Hasard de calendrier ? Heureuses circonstances ?... Si 2006 est culturellement marquée par Cézanne, Mozart ou Rembrandt, elle est pour les musées de France une année de célébration de l’art vénitien du XVIème siècle. L’âge d’or artistique d’une cité mythique est ainsi mis en exergue par quelques expositions, à Paris ou en province, remettant plus que jamais au goût du jour une peinture si fondamentale pour l’évolution de l’art occidental et qui n’a de cesse de nous émerveiller. De Paris à Caen, Artelio rend compte de cet étonnant panorama d’une époque où Venise éblouissait le monde des arts.


Quiconque s’est un peu attardé dans la salle des grands Vénitiens du Louvre (connue historiquement sous le nom de salle des États, et désormais de salle de la Joconde) a pu remarquer la richesse du musée concernant les œuvres de Titien, Véronèse et Tintoret, mais aussi Paris Bordone ou Lorenzo Lotto, etc. Il s’agit néanmoins d’une collection incomplète, ne serait-ce que pour deux raisons : on n’y voit ainsi aucune œuvre de Giorgione, considéré comme l’initiateur de la peinture de la "haute Renaissance" à Venise dans les années 1500, comme manque la carrière tardive de Titien ; mais surtout l’ensemble du Louvre, aussi riche soit-il, ne rend pas compte de la grande diversité des collections publiques françaises en matière d’art vénitien du XVIème siècle, qu’il s’agisse des œuvres graphiques du Louvre rarement montrées, ou des tableaux des musées de province évidemment dispersés. C’est donc pourquoi les différentes expositions organisées en 2006 constituent un grand tout cohérent, et surtout une excellente introduction visuelle à une ère artistique aussi complexe et magnifique que celle de la Venise de la Renaissance.

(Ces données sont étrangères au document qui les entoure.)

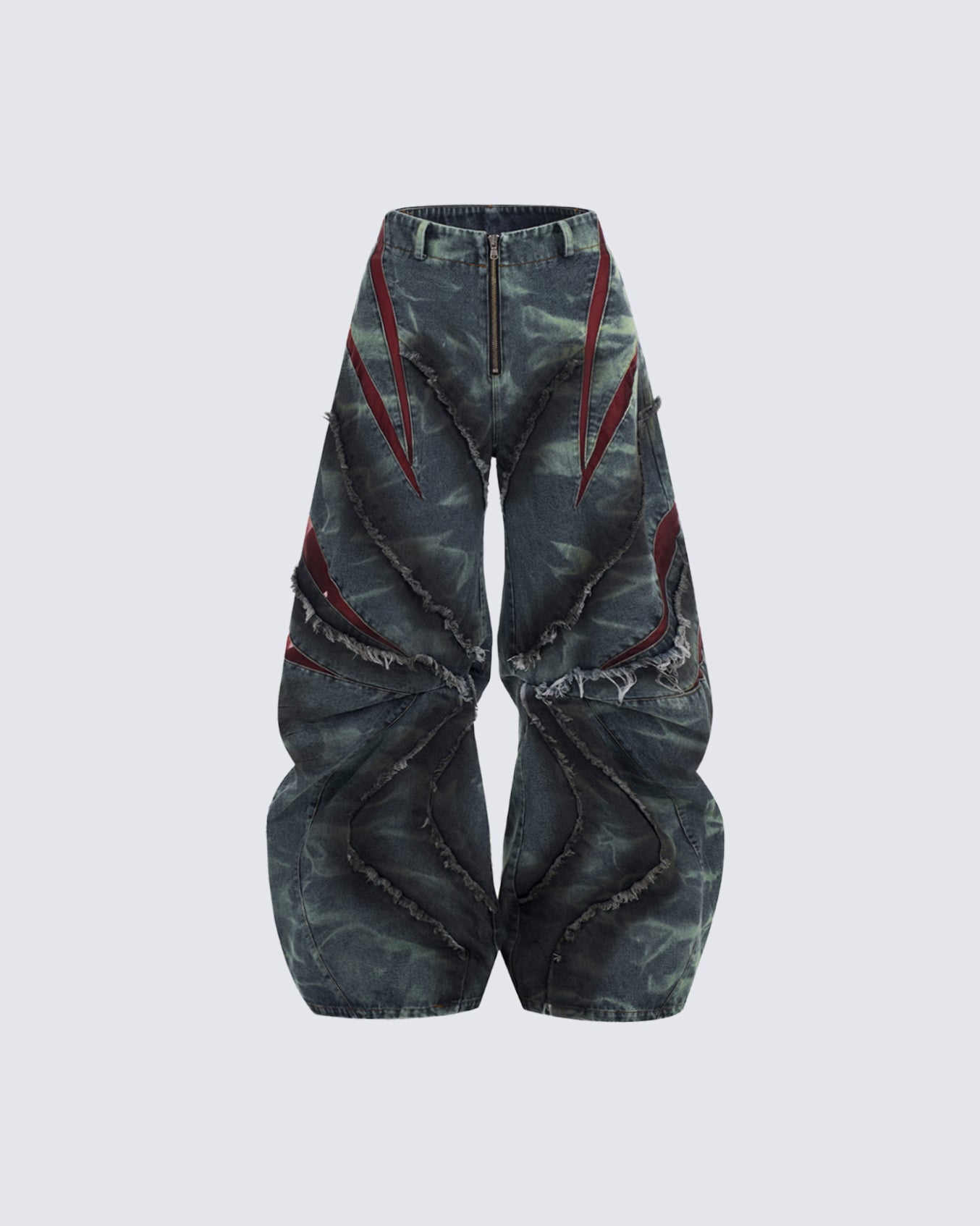 KIIKIO Distressed Ripped Denim Pants – Streetwear with Unique Torn Details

Toutefois, pour mieux comprendre les enjeux et les intérêts de ce qu’on pourrait appeler "l’année vénitienne" en France, il convient de s’attarder un peu sur les grands noms de la peinture à Venise au XVIème siècle, sans oublier l’histoire des œuvres d’art vénitiennes dans les collections françaises : deux données culturelles fondamentales qui éclairent même partiellement sur l’histoire de l’Art avec un grand A !

Galaxie Bellini

Venise, vers 1500, domine une partie du monde. Car son rayonnement dépasse largement la cité des Doges : malgré de sérieux déboires, elle ne cesse d’étendre son influence en Vénétie (la fameuse "terre ferme", celle où seront construites les villas palladiennes) avec entre autres la mainmise sur Padoue ; c’est de plus un véritable empire commercial, avec évidemment des liaisons maritimes, comprenant des comptoirs à Chypre ou en Crète : tout cela sous l’autorité du doge, gouverneur à vie de cette République farouchement indépendante et protégée de Dieu. République qui n’en a que le nom, puisque le doge partage son pouvoir avec une centaine de familles nobles depuis l’époque médiévale, et il faut bien parler d’oligarchie, où un nombre restreint d’aristocrates détient le pouvoir en matière de lois et de décisions politiques.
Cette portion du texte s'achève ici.